Task 7: Roadmap to Future improvements to the application.

Keeping Dense Vector Retrieval?

Yes, with enhancements. The current dense vector retrieval withtext-embedding-3-small and Qdrant provides a strong baseline for our business knowledge use case. The documents are domain-specific and well-structured, so dense embeddings capture semantic similarity effectively. However, for Demo Day we plan to add a hybrid retrieval layer that combines dense vectors with BM25 sparse retrieval to handle exact-match queries (e.g., specific financial terms, product names) that pure semantic search can miss.

Future Roadmap

Hybrid Retrieval — Add BM25 sparse retrieval alongside dense vectors using Qdrant's built-in hybrid search. This will improve recall for exact-match queries and financial terminology lookups.
Persistent Vector Store — Move from in-memory Qdrant to hosted Qdrant Cloud for persistence across deployments and larger knowledge bases.
All 7 Sub-Agents — Complete implementation of Sensitivity Analysis, What-If, and Forecast Projection agents with full playbooks and tool sets.
Streaming Responses — Wire up the chat_stream function to deliver token-by-token responses in the UI for a more responsive experience.
Multi-Model Support — Allow connecting multiple Google Sheets financial models simultaneously for cross-brand analysis.
Expanded Knowledge Base — Ingest additional domain documents including TikTok Shop guides, retail expansion playbooks, and CPG-specific financial benchmarks.
Evaluation CI Pipeline — Integrate RAGAS evaluations into CI/CD so every code change is automatically tested against the golden dataset.
User Authentication — Add user accounts with per-user memory and conversation history persistence.

Architecture Evolution

The current architecture is designed to be modular.
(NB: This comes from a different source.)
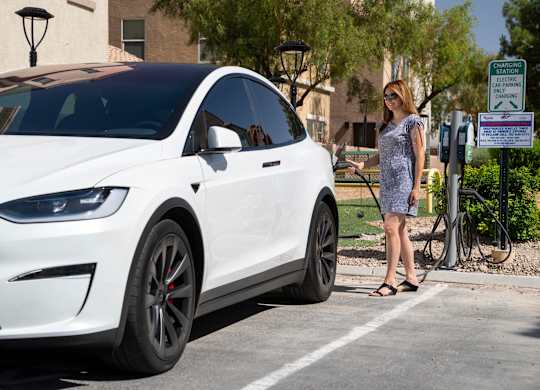 A woman is standing next to a white Tesla car at a charging station. at Habitat @ DTLV, Nevada, 89106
Each sub-agent is a self-contained node in the LangGraph with its own tools, playbook, and memory access. Adding new agents requires only: (1) defining the playbook prompt, (2) binding the tools, (3) adding the node and edges to the graph, and (4) updating the supervisor's routing logic.

For Future improvements, the biggest structural change will be moving from Vercel serverless functions (which have execution time limits) to a dedicated backend service for long-running goal-seek optimizations that may take 30+ seconds.